This week I started learning about OOP in Ruby. At first when the idea of classes and objects were introduced in a very round about lecture, I was a little overwhelmed. However after just reading about it, it became so much easier and intuitive. Goes to show you that sometimes you need a different explanation from a different source. I will note that the instructor said they weren't feeling well, so that is probably why the lecture was unsuccessful for myself.
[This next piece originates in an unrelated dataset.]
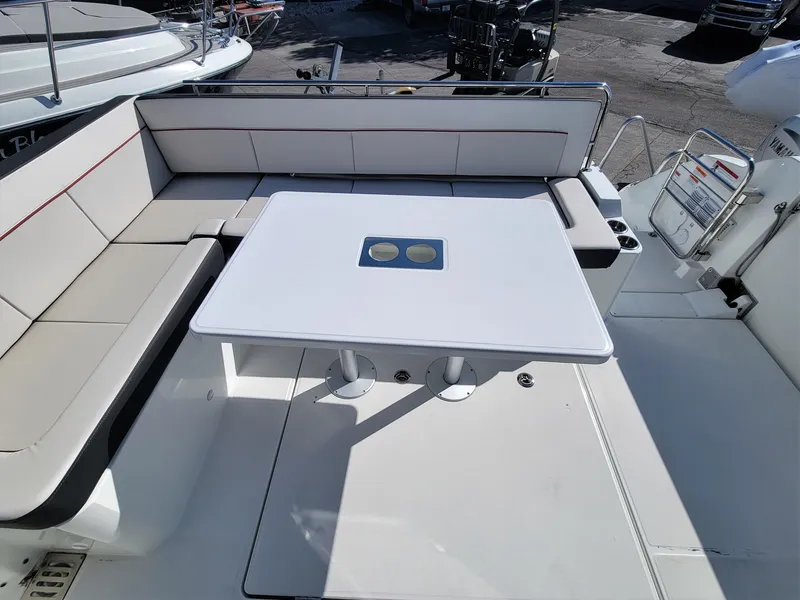 Slide: The Image of 2024 Jeanneau Leader 12.5 WA boat with spacious seating and table in the cockpit area. - 11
First we were introduced to writer/setter and reader/getter methods along with @instance_variables. It was great to finally have a way to call a variable outside of the method without making a global variable, which I have been told to never do. Basically the writer method sets up our instance variable. It takes a value and writes it into a variable or takes in an argument and sets that argument equal to a variable. You are setting a property to take parameters that will be used in your instance variable by each instance of the class. The reader method then returns the stored information of an instance variable. This is the part that allows us to call the instance variable outside the method anywhere in our program. Initially they had us writing each step out in a very long way
ex.
class Person
def initialize(name)
@name = name
end
def name
@name
end
def name=(new_name)
@name = new_name
end
end
When they were teaching this I immediately thought, "This seems like such a long way to write this code. There must be another way." To my relief, there is a simpler way to write all of this. Riding in on a noble steed was the attr_accessor, attr_reader, and attr_writer. This allows you to create attributes for each instance of your objects in one line of code instead of writing each reader and writer method yourself. Wouldn't you much rather write:
class Book
attr_accessor :author, :page_count, :genre
attr_reader :title
def initialize(title)
@title=title
end
end
Rather than write all of this:
class Book
def initialize(title)
@title = title
end
def title
@title
end
def author=(author)
@author = author
end
def author
@author
end
def page_count=(num)
@page_count = num
end
def page_count
@page_count
end
def genre=(genre)
@genre = genre
end
def genre
@genre
end
end
I think everyone would answer that the first way looks so much better and less repetitive. Here we can replace six methods and combine them into one in the attr_accessor which creates the writer and reader methods for you. Also instead of having to write:
class Book
def initialize(title)
@title = title
end
def title
@title
end
end
You can turn the reader method into an attr_reader and have all the code fit on one line. Easy peasy. Here is another example of utilizing all of these methods and also adding in some functionality into everything too.
class Shoe
attr_accessor :color, :size, :material, :condition
attr_reader :brand
def initialize(brand)
@brand=brand
end
def cobble
puts "Your shoe is as good as new!"
@condition = "new"
end
end
I am excited to learn more about OOP and how to better write code.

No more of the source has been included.